A two‐step process for the reflooding of the Mediterranean after the Messinian Salinity Crisis

The Messinian Salinity Crisis is well known to have resulted from a significant drop of the Mediterranean sea level. Considering both onshore and offshore observations, the subsequent reflooding is generally thought to have been very sudden. We present here offshore seismic evidence from the Gulf of Lions and re‐visited onshore data from Italy and Turkey that lead to a new concept of a two‐step reflooding of the Mediterranean Basin after the Messinian Salinity Crisis. The refilling was first moderate and relatively slow accompanied by transgressive ravinement, and later on very rapid, preserving the subaerial Messinian Erosional Surface.
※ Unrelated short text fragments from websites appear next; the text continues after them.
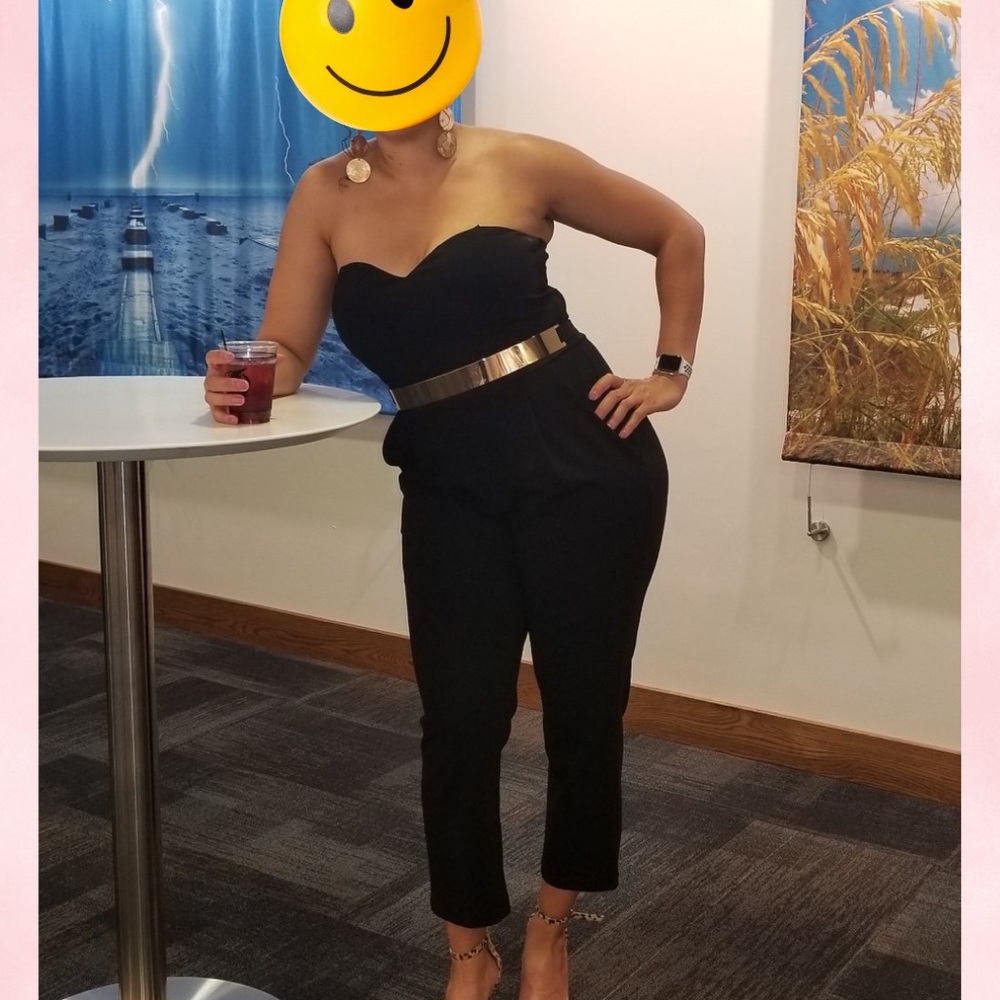 Express Black Ankle Length Jumpsuit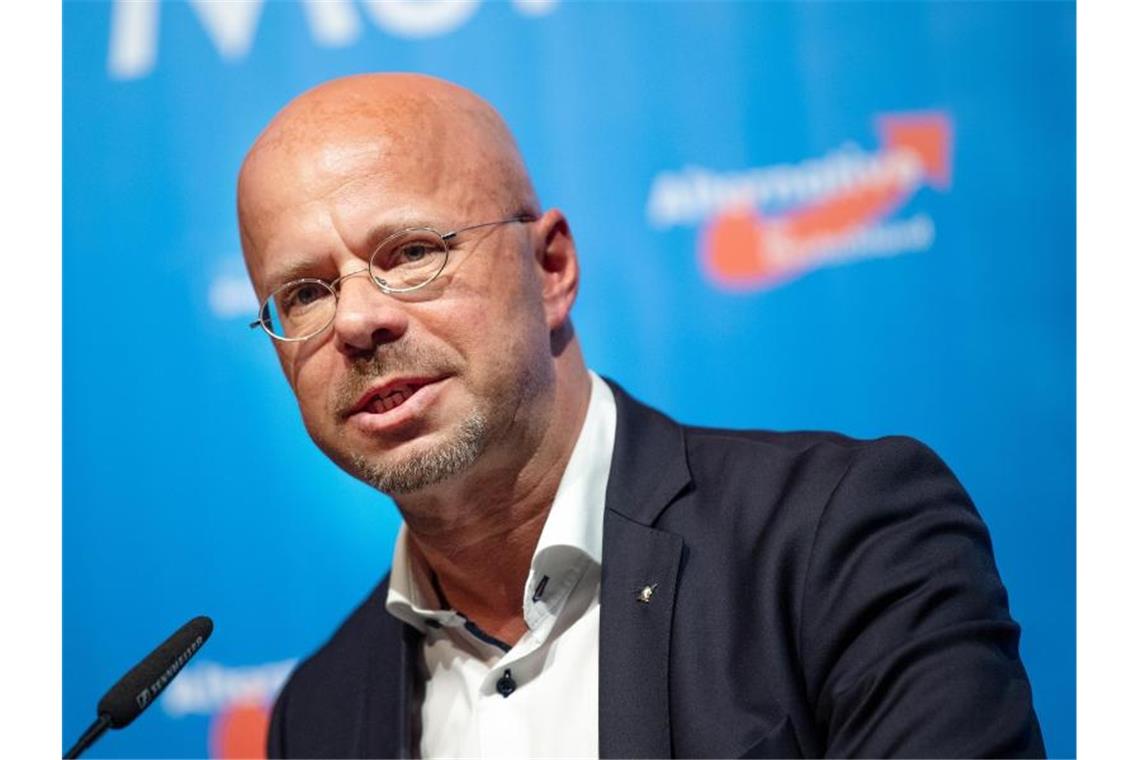 Kalbitz räumt Teilnahme an rechtsextremer Demo in Athen ein Brandenburgs AfD-Landesvorsitzender Andreas Kalbitz Ende April bei einem Landesparteitag. Foto: Monika Skolimowska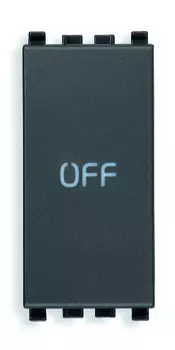 20056.33 Кнопка 1p no+nc 10a с символом off Vimar Eikon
The amplitude of these two successive rises of sea level has been estimated at ≤500 m for the first rise and 600–900 m for the second rise. Evaporites from the central Mediterranean basins appear to have been deposited principally at the beginning of the first step of reflooding. After the second step, which preceeded the Zanclean Global Stratotype Section and Point, successive connections with the Paratethyan Dacic Basin, then the Adriatic foredeep, and finally the Euxinian Basin occurred, as a consequence of the continued global rise in sea level. A complex morphology with sills and sub‐basins led to diachronous events such as the so‐called ‘Lago Mare’.This study helps to distinguish events that were synchronous over the entire Mediterranean realm, such as the two‐step reflooding, from those that were more local and diachronous. In addition, the shoreline that marks the transition between these two steps of reflooding in the Provence Basin provides a remarkable palaeogeographical marker for subsidence studies.